2006年には主将をやらせてもらいました。しかし、チームとして結果が出なかったことで、シーズン途中で上田監督が辞することとなってしまい、その点については、凄く責任を感じています。上田さんをシーズンの最後までピッチに立たせてあげられなかったことに関しては、今でも後悔があります。自分の力のなさから、上田さんが目指すサッカーを体現できなかったことは、ちょっと苦い思い出であり、人としても考えさせられた一年でした。
ベルマーレが歩んだ50年というのは本当に長いと思いますし、それだけの歴史を持つというのは素晴らしいことではないでしょうか。
また、現役引退して時が経過した中で、湘南ベルマーレというチームから改めてメッセージを求められた時、栃木SCで現役の最後を迎えた自分が、栃木県で発足した藤和不動産サッカー部を前身とする湘南に在籍していたということをとても奇遇に感じました。湘南在籍時には、「栃木」のことは全く意識していなかったけれど、今、栃木に居を構えてサッカーに関わり続けていることに運命みたいなことも感じています。
だから、50周年を迎えた湘南ベルマーレに対して、微力ではありますがお手伝いできることがあればとてもうれしいことです。

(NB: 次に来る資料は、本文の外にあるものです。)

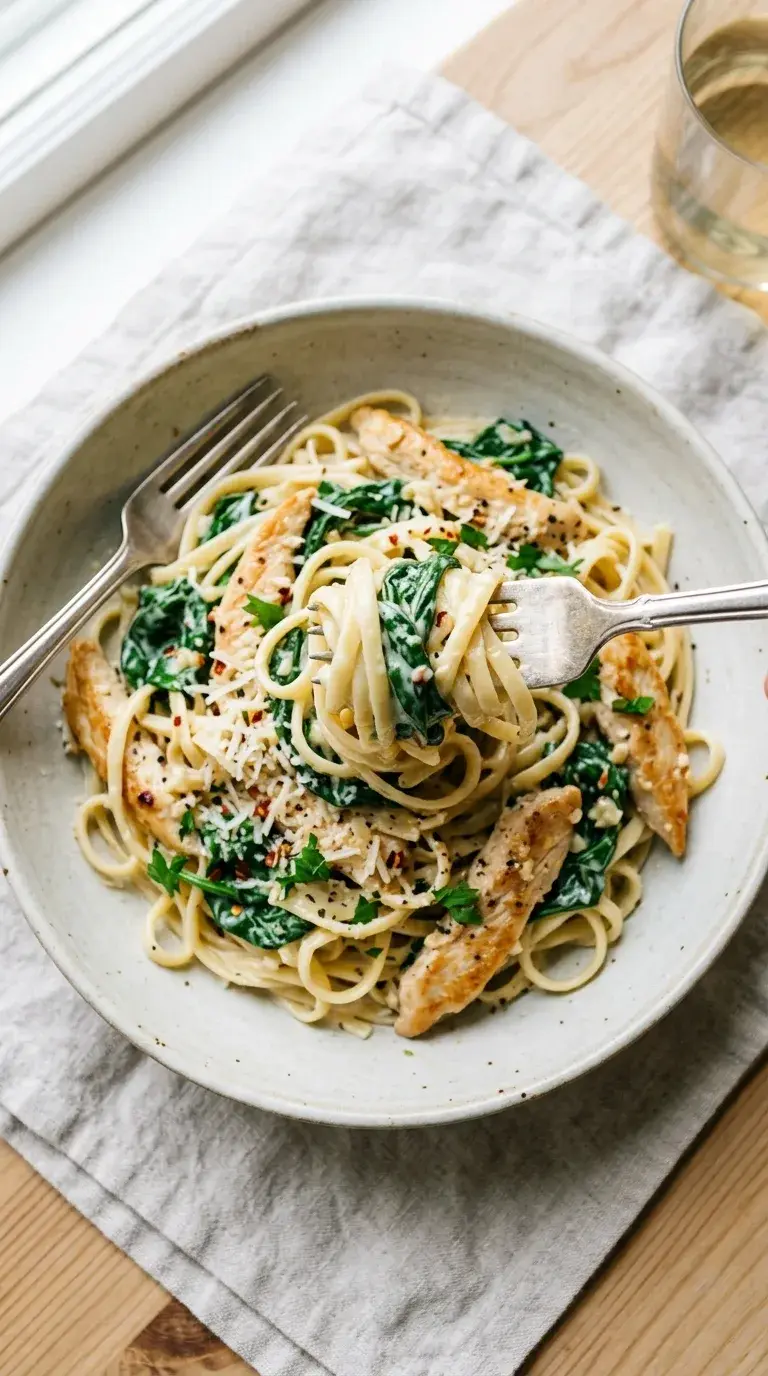 Chicken Pasta Florentine: Creamy Chicken and Spinach Pasta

湘南の試合を解説できるのも湘南に在籍していたからこそだし、湘南に関わる全てに人たちに感謝の気持ちでいっぱいです。
そして、これからもずっと応援するチームでもあります。
僕のことを覚えている方がどれだけいるかは分かりませんが、本当に温かく、熱いサポーターだったことは脳裏に焼き付いています。

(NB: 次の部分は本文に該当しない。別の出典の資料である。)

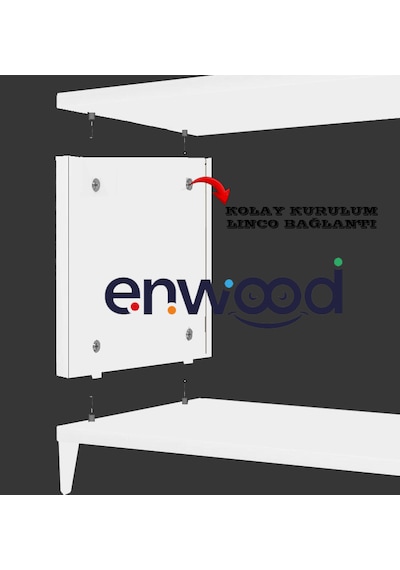 Enwood Capella Beyaz Mdf 4 Kapaklı Raflı 160 Lık Konsol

僕の在籍時、変革期でもあったチームはなかなか勝てない時期で、湘南のサポーター席がギッシリと埋まるような状況ではなかったけれど、応援してくれるサポーターは僕の背中を押してくれていました。どこのチームであってもサポーターというのは特別な存在でもあり、心から「ありがとう」との思いでいっぱいです。
今、解説者として湘南のホーム試合会場に行く機会があり、ギッシリと埋まったゴール裏のサポーター席を見ると、すごくうれしい気持ちになります。僕の在籍時には想像できなかったシーンで、チームが発展してきたこと、素晴らしいサポーターに囲まれてプレーできる選手は幸せだなということを感じます。そして、自分もそのサポーターの応援を受けてプレーできたことは大きな誇りです。これからも、チーム、選手をサポートして行ってくれればうれしいです。

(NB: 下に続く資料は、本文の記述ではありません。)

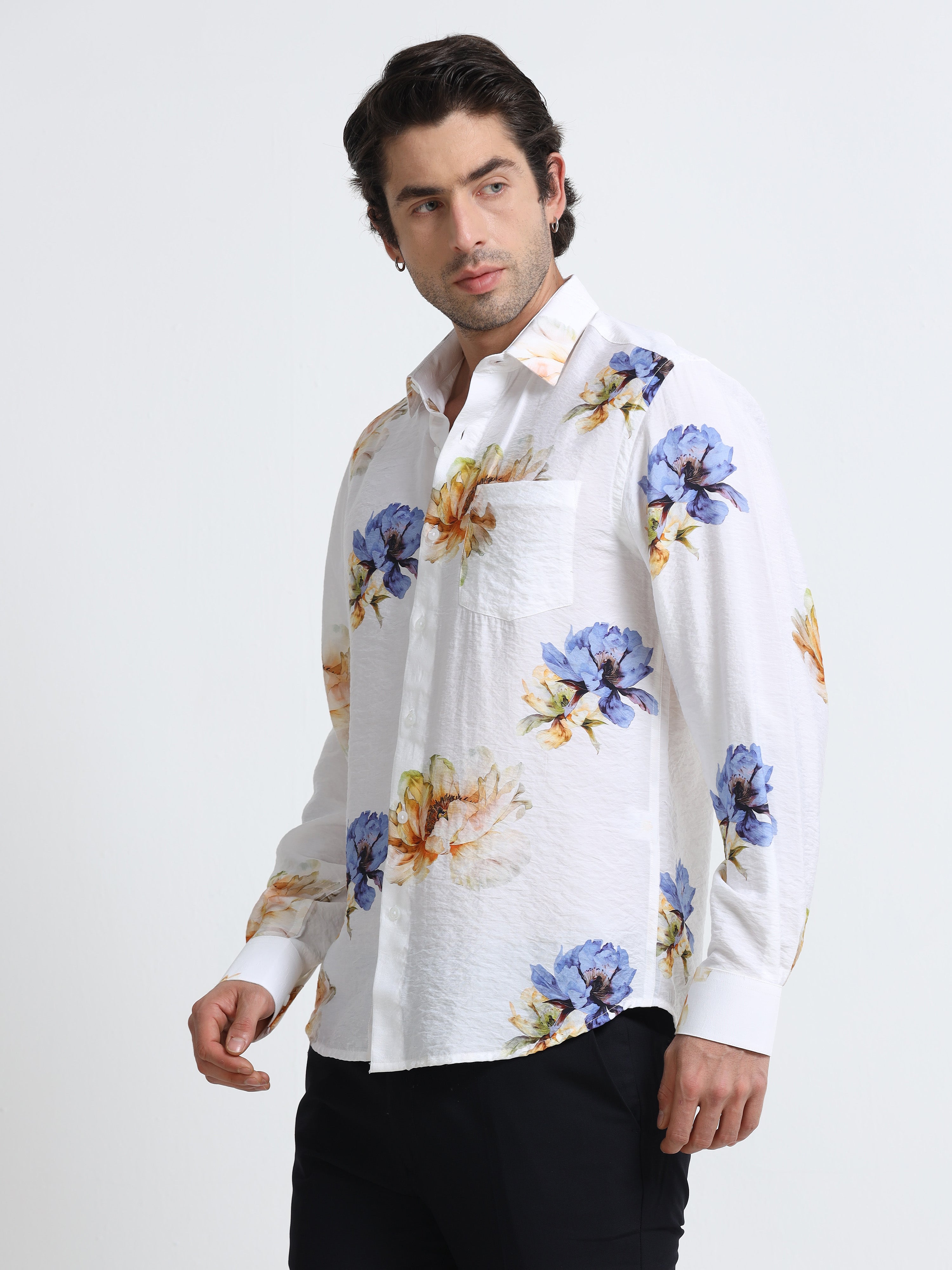 Men - Green Yellow - Slim Fit - Printed Shirt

OBとして、ますますチームが発展していくことも期待していきたいと思います。
【About SATO YUSUKE】
2005年に加入し、変革期にあったチームにたくさんの刺激をもたらした佐藤悠介さん。ベルマーレでは特別な背番号7を背負い、キャプテンも任されるなど責任感強く2年間を駆け抜けました。佐藤さんの左足から繰り出されるキックには痺れる瞬間が幾度もありました。
湘南の前に名古屋、神戸、大宮、山形、C大阪と4クラブに、湘南の後に東京V、栃木と2クラブに所属。多くのチームでプレーした経験を生かし、そして選手時代同様にクレバーさを存分に発揮し、現在解説などで幅広く活躍されています。